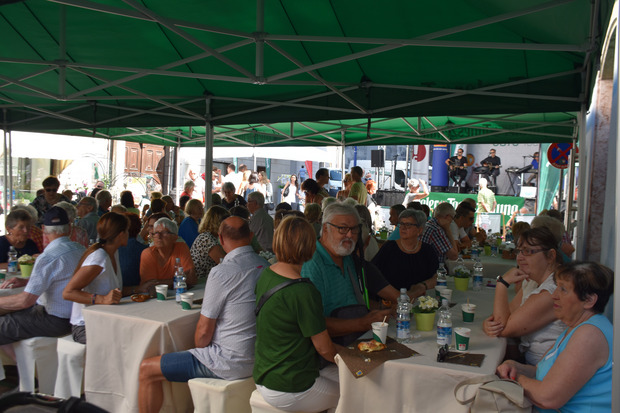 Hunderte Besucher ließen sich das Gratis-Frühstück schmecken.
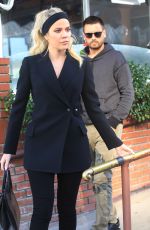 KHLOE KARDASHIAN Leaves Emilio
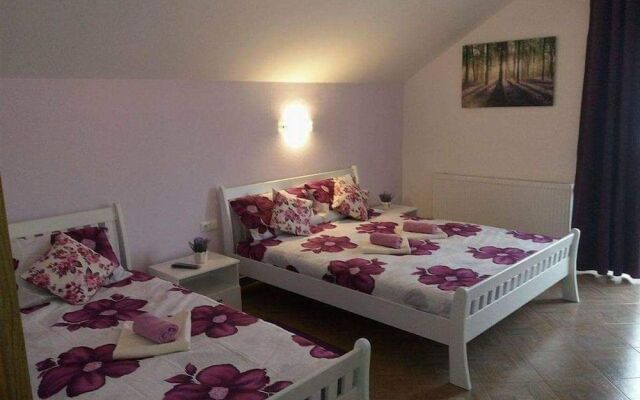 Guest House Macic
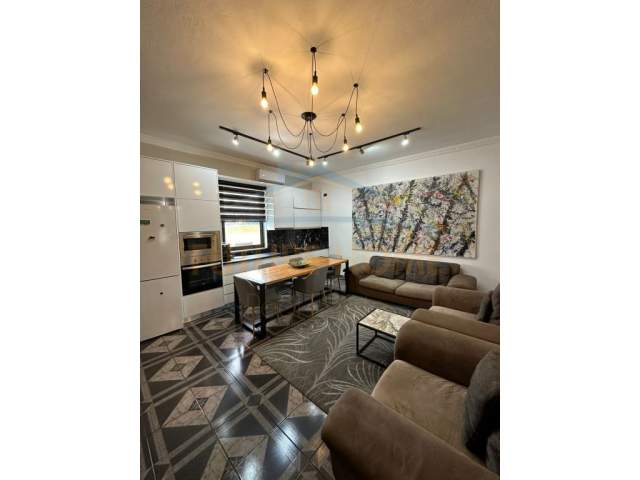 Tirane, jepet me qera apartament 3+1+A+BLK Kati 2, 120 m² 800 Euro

===

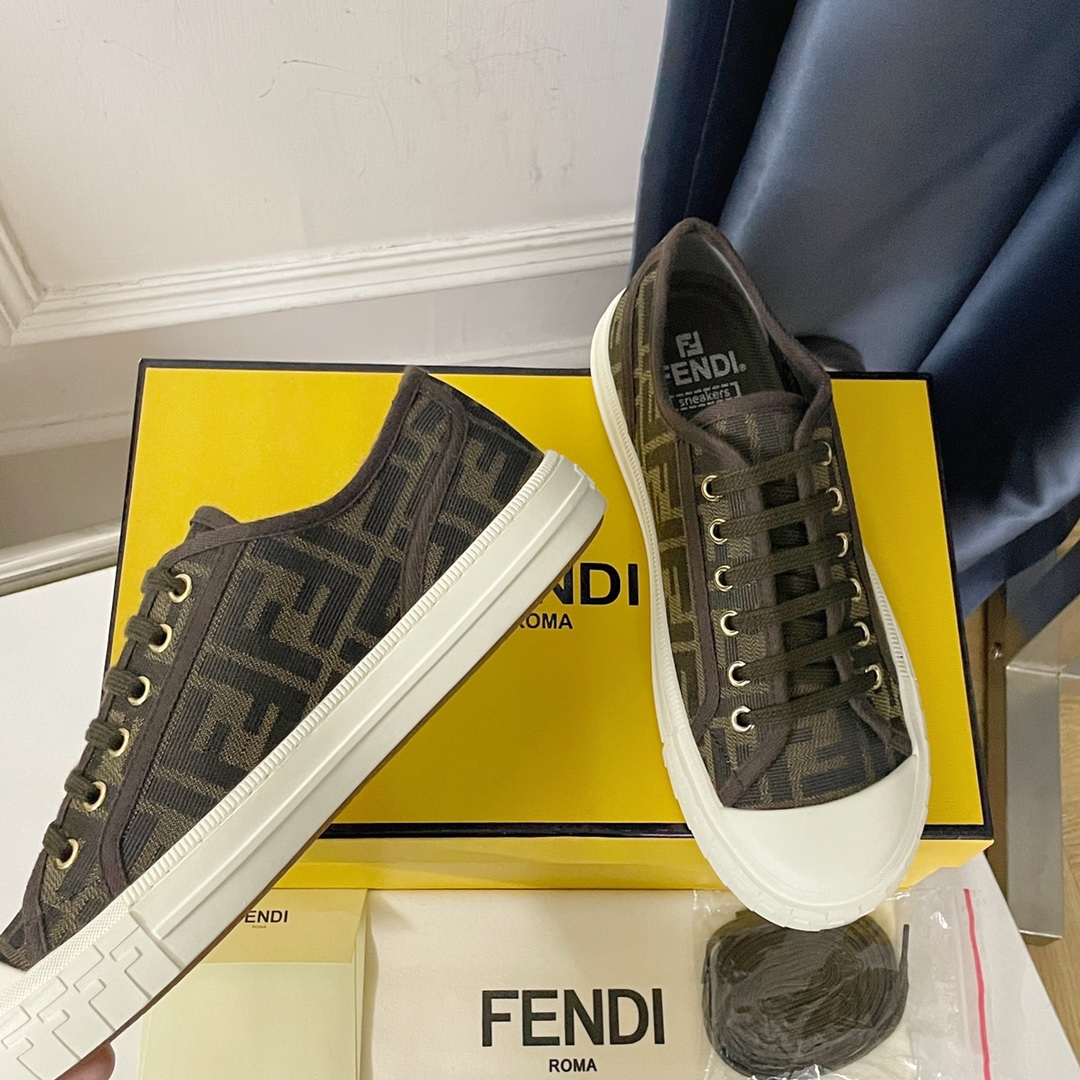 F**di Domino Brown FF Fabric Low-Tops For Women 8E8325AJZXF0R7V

===

AIM OF THE EXERCISE
Look through the listing above for the line with "Guest House Macic" and the line with "Tirane, jepet me". Write out exactly those lines and everything between, leaving out pictures.

OUTPUT FOR THIS TASK
 Guest House Macic
 Tirane, jepet me qera apartament 3+1+A+BLK Kati 2, 120 m² 800 Euro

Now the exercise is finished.